Science at the Shine Dome 2010

Dr Marianne Frommer FAA
School of Biological Sciences, University of Sydney

Marianne Frommer received her PhD on the physical biochemistry of muscle proteins from the University of Sydney in 1976. After two years of teaching at the Cumberland College of Health Sciences, and a career interruption for child rearing, she took up a position as postdoctoral fellow and subsequently senior research fellow at the Royal Prince Alfred Hospital, Sydney. Her laboratory was located at the CSIRO Division of Biomolecular Engineering, where she carried out pioneering work on CpG islands and DNA methylation in mammalian genomes.

In 1994 Marianne changed direction, leaving mammalian genetics and moving to the University of Sydney, where she co-founded the Fruit Fly Research Centre and was its inaugural research director. She initiated molecular genetic studies on the Queensland fruit fly, the most important horticultural pest species in Australia. These studies have been responsible for defining the Australia-wide distribution of the species, and have provided important developments towards its control.

DNA methylation and the molecular biology of fruit flies

Two papers in 1975 (by Holliday and Pugh, and Riggs) described a mechanism by which methylation of cytosine in DNA could provide epigenetic information to cells – heritable information that can vary between cell types and is additional to the primary DNA sequence (the genetic information). My interest in DNA methylation arose because I noticed tissue-specific methylation in the direct genomic sequences of highly repeated human DNA. When PCR became available my colleagues and I worked out how to map cytosine methylation in DNA sequences, by first reacting genomic DNA with bisulphite and then amplifying each strand of the product. I was also involved in the discovery and sequence identification of CpG islands, which are important for locating genes in genomic DNA sequence data and for understanding DNA changes in cancer.

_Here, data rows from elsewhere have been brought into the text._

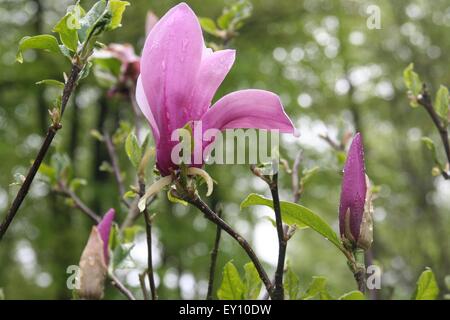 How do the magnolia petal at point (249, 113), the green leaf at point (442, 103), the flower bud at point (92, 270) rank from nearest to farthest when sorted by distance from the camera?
the magnolia petal at point (249, 113), the flower bud at point (92, 270), the green leaf at point (442, 103)

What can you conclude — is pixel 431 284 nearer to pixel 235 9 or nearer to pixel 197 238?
pixel 235 9

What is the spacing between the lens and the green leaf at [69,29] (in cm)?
63

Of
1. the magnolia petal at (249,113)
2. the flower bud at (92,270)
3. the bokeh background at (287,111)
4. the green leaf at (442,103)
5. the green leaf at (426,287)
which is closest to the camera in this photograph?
the magnolia petal at (249,113)

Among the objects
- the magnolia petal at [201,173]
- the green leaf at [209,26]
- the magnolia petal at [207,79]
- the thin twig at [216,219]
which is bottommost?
the thin twig at [216,219]

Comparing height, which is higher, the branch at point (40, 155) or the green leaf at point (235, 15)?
the green leaf at point (235, 15)

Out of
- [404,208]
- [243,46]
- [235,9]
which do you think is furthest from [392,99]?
[235,9]

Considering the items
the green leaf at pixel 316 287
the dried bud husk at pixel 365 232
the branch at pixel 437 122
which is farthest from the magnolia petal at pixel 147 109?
the branch at pixel 437 122

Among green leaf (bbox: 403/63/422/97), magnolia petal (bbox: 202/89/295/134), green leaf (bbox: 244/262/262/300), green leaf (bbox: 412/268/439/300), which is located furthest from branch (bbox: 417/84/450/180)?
magnolia petal (bbox: 202/89/295/134)

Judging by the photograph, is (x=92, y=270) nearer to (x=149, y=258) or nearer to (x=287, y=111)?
(x=149, y=258)

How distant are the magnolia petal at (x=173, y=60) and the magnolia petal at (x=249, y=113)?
1.3 inches

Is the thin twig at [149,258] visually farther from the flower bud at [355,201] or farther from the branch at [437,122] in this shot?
the branch at [437,122]

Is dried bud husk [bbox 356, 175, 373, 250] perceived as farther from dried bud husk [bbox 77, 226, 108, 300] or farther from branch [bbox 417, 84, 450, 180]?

The fruit flies under discussion here are not the geneticist's friend, Drosophila, but the true fruit flies of horticultural importance. Almost nothing was known about the genetics and molecular biology of the Queensland fruit fly when the Fruit Fly Research Labs were set up. They have since provided information to agriculture and quarantine departments about the origin of infestations, and are currently working on molecular and genetic techniques to improve the sterile insect technique, the most important non-chemical method to control fruit flies on an area-wide basis. Investigating the genetics of the true fruit flies has also shown that Australia's fruit fly pests could be an unusual and very powerful model to study evolution and development, perhaps involving epigenetic mechanisms in insects.